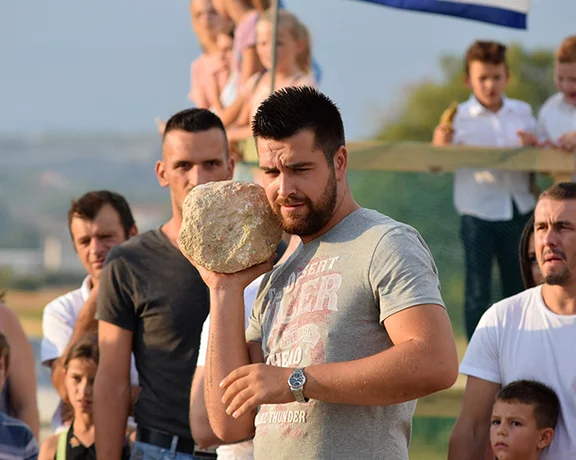 Imagine the sheer strength required to hurl a stone the winning distance during a game of plow!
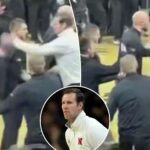 nebraska’s-fred-hoiberg-angrily-smacks-phone-out-of-iowa-fan’s-hand-in-tense-court-storming-scene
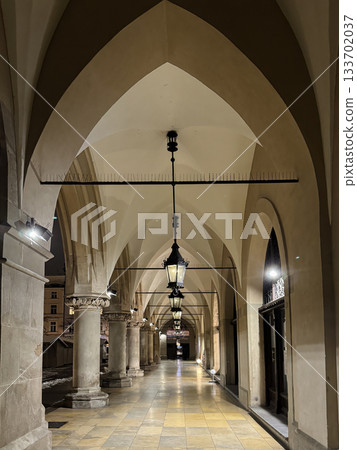 Night scene of Historic Sukiennice Cloth Hall Arcades in Old Town Krakow, Poland 133702037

**Problem details**
Omit the pictures, then copy out all the data exactly as it stands.

**Task solution**
 Imagine the sheer strength required to hurl a stone the winning distance during a game of plow!
 nebraska’s-fred-hoiberg-angrily-smacks-phone-out-of-iowa-fan’s-hand-in-tense-court-storming-scene
 Night scene of Historic Sukiennice Cloth Hall Arcades in Old Town Krakow, Poland 133702037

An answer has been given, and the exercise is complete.